De la même manière que la gauche est tiraillée entre ses composantes progressistes, écologistes et extrême, on voit bien aujourd’hui que la droite subit la même division.

Dans ces conditions, on voit bien les limites du b

i-partisme, de la concentration unique du pouvoir alternativement dans l’un ou l’autre de ces « partis ». Comment envisager que la droite comme la gauche peuvent alors se rassembler et proposer aux français des mesures et des changements pour nous redresser ? Quand je vois les regards et les attitudes des pro Copé et Fillon, il n’y a aucun doute sur la fracture durable qui va s’installer à l’UMP.
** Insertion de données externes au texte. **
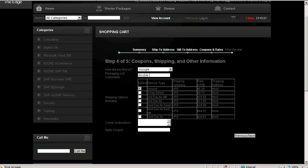Double wrap and knock twice. I can also apply coupons. Let us apply a coupon.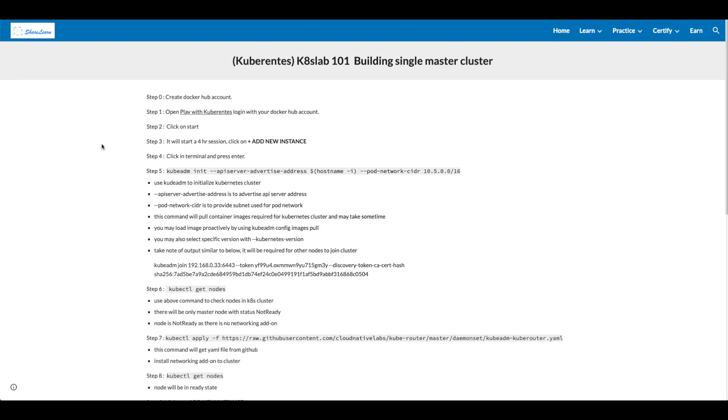In step 7, we'll be installing the networking add-on. kubectl apply -f <url for kubeadm kuberouter>. This command will get yaml file from GitHub and install networking add-on to the cluster.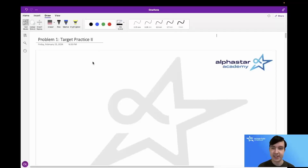Hello everyone, I'm Connor, and today I'll be presenting the solution to the USACO February 2024 Silver Contest Problem 1, Target Practice 2.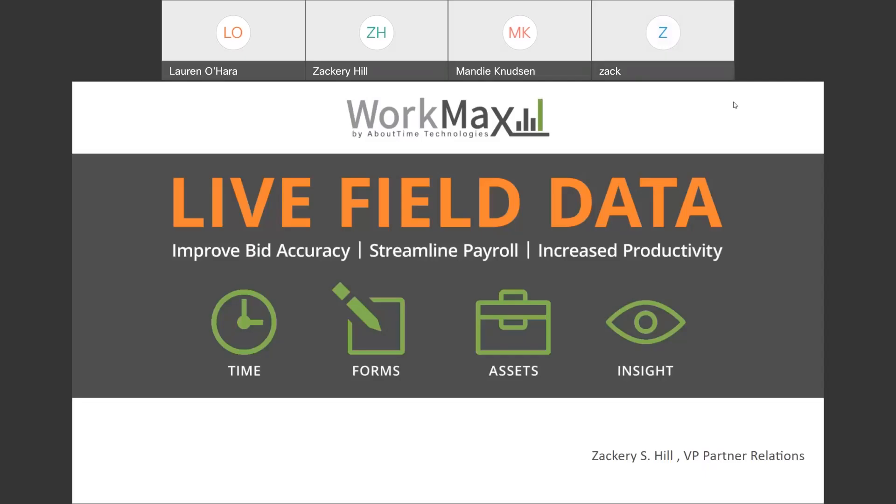Thank you very much, Lauren. Yes, and welcome to the WorkMax Time and Forms Overview Webinar, hosted by Action and Associates in conjunction with About Time Technologies and the WorkMax Platform. We are really excited to be here today and present, and we'll look forward to continued communication in the future with you guys.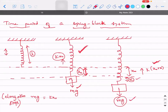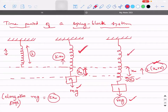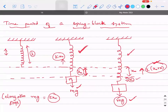mg can balance only k·x0, but now the restoring force is k(x0 + x), so mg will not be able to balance it. Due to this, the spring and block system will start oscillating. The restoring force cannot stop the block exactly at that point — after compressing, it will come back in the reverse direction. So it starts oscillating, and our work is to calculate the time period.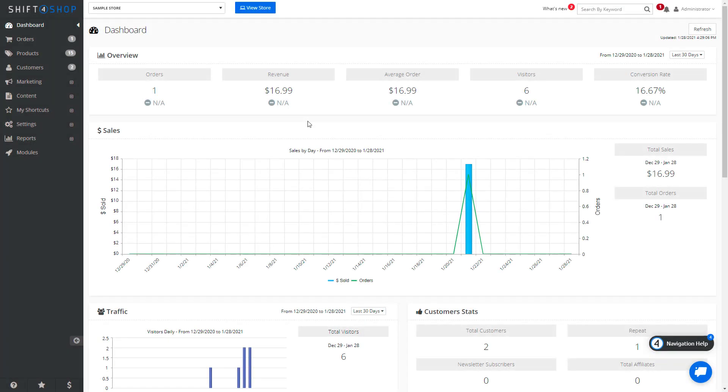Shift4Shop has a CRM relationship management system that allows you to keep track of your customers. The Customer Relationship Management System, or CRM, is very useful when your customers require a lot of hand-holding.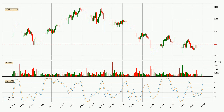Moving to the daily stochastic RSI, there are no signs of the stochastic RSI being oversold or overbought at this time, but the %K line is over the %D line, which means the current trend is to the upside.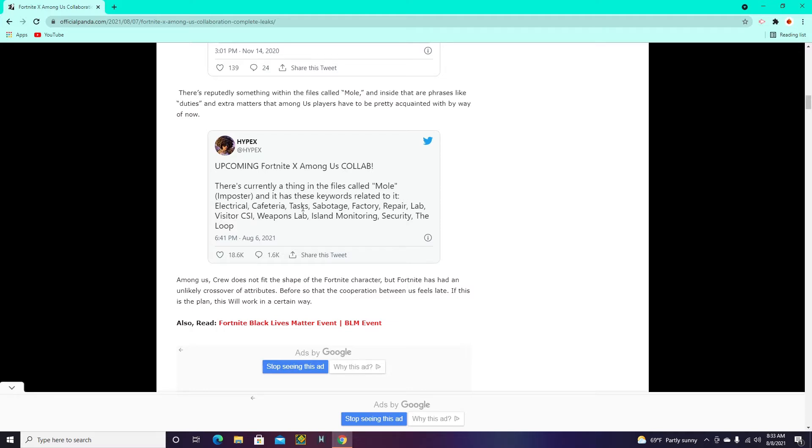Electrical, cafeteria, tasks, sabotage, factory, repair, lab, visitor, CSI, weapons lab, island monitoring, security, and the loop. So some words are related to Among Us,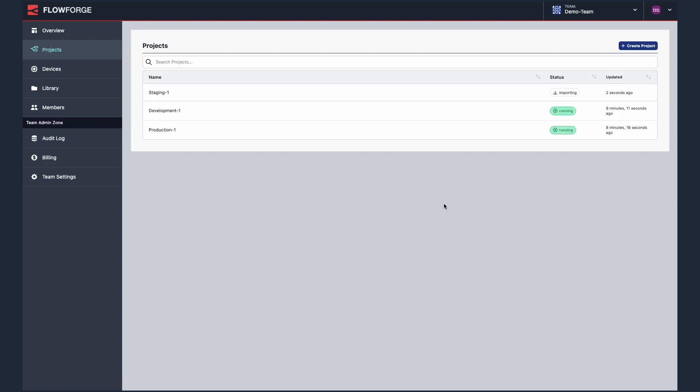We think this is a great new feature which will help teams confidently deploy updated versions of their projects on their development, staging and production instances.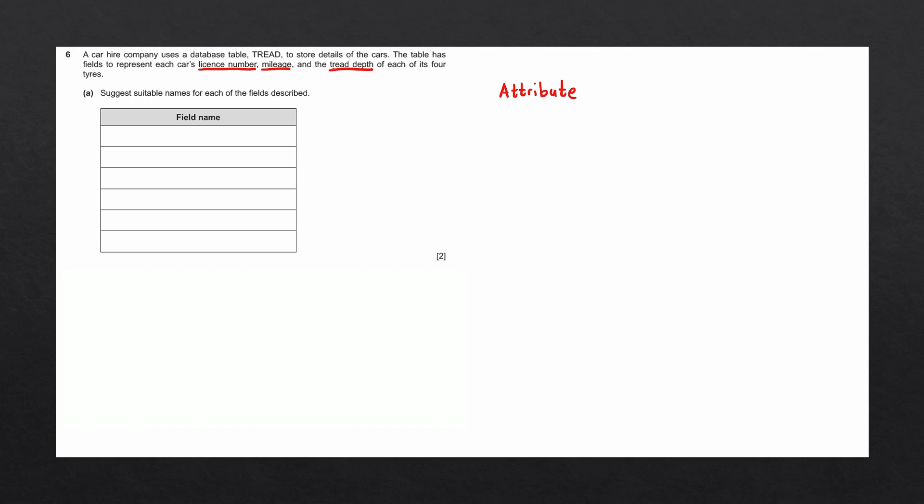They mentioned that the tread depth is stored for each of the four tires, meaning we could have a separate field for each of these four fields. This would make up four, five, six fields. And that should complete our question. Let's go ahead and make up some field names.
J’y vois enfin pour ma part la nécessité de changer enfin la donne politique en France, de redonner confiance en l’action politique, la vraie, à ceux qui silencieusement subissent et ne votent plus depuis longtemps.

Car oui, quelque chose est possible en dehors du couple droite-gauche, nonobstant tout ce qui est dit par les media ou le sentiment général. J’en suis d’autant plus convaincu que ça me paraît même la seule façon de réformer et rénover la France au 21eme siècle.